The poet who said April is the cruelest month obviously didn’t know about our May.
- As the month began, that unpronounceable Icelandic volcano kept spewing out tons of black smoke, soot, grit, acidic gases, and all manner of obnoxious things. Airports in Spain, Italy, and Portugal had to close again.
- The Greek economy threatened to stumble into a black hole that promised to suck the rest of Europe in with it, until the European Union came to the rescue with a (gasp!) bailout.
- The stock market plummeted 1,000 points in 15 minutes on May 6 before bouncing back up 600 like a kangaroo on a pogo stick. And the thing is, nobody yet knows why it plunged or rebounded. The first thought was that maybe a trader hit the wrong button on his computer.
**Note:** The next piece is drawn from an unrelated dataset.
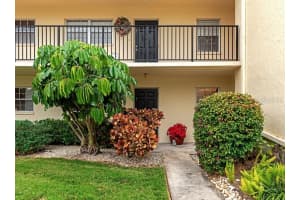 7880 PALM AIRE LANE, SARASOTA, FL 34243 Sold 04/21/25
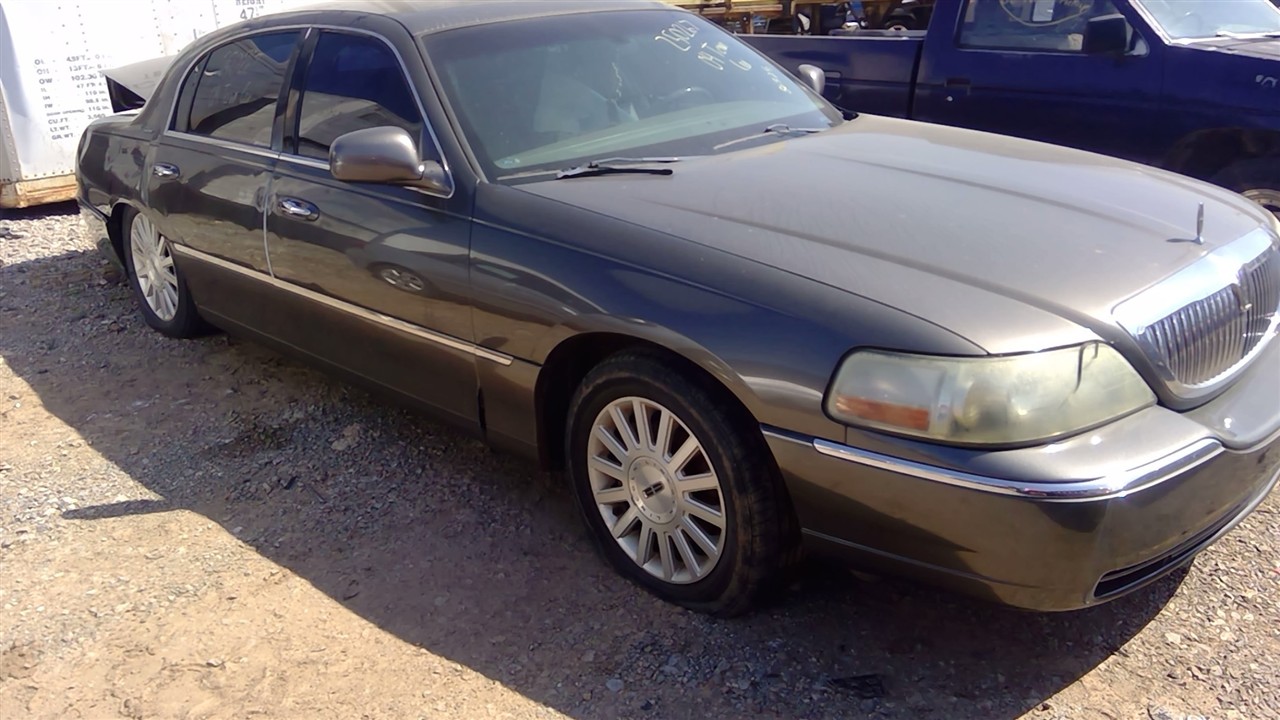 https://f005.backblazeb2.com/file/img-partshotlines-com/Inventory/EX366/Vehicle/10135_02.jpg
- That out-of-control well in the Gulf of Mexico continued to gush oil into the water as BP workers struggled, unsuccessfully, to get it under control. Conservatives, most of whom opposed the regulation of offshore drilling that might have averted the spill, have started calling it “Obama’s Katrina.” (For all I know, they’re blaming him for the volcano too.)
In other words, this is shaping up to be a really, really ugly month. Seldom has so much stupidity, past and present, been on display simultaneously.
And the thing that disturbed me most about all of it is this: A guy hit the wrong button on his computer? What are you, kidding me? Please don’t tell me that some clown at the New York Stock Exchange can do away with half of my net worth in 15 minutes because he hits the wrong button.
As it turns out, that’s not what they’re telling me. After investigating the matter over the weekend officials now think it was a systemic glitch, which, under certain circumstances, can torpedo the market. But they’re going to fix it, probably. Great. Do you ever get the feeling that we’re shooting craps with the other guys’ dice and the dice don’t have spots on them?
The second most troubling thing about the events was Greece. It’s bad enough having to bail out a country that has lived beyond its means for decades; the real question is, why would you lend money to Greece in the first place?
Have you ever been to Greece? People there can’t even stand in line, let alone pay their bills. The national sport is not paying your taxes. People don’t even consider it cheating. The second-most popular sport is bribery. Nothing happens in Greece without someone getting greased.
Lending money to Greece is like giving it to the Bernie Madoff Defense Fund. So why do it? Simple. Europe had no choice.
If Greece’s economy goes under, it might very well take the Euro with it and if the Euro collapses, can Europe be far behind? Think of Europe as mountain climbers tied together on one rope as they climb. Greece is the fat guy in the middle who is having a heart attack. If he falls, they all fall. It’s not their fault that the guy is fat, but they have to save him or die.
Paradoxically, it could well be that the voters in the United States are so enraged by the bailouts here that they will react by throwing out of power the people who are trying to rescue them and replace them with the guys who caused the problem in the first place.
As I said, despite the roses and the peonies, this is an ugly month. It would be, even without the oil or volcano.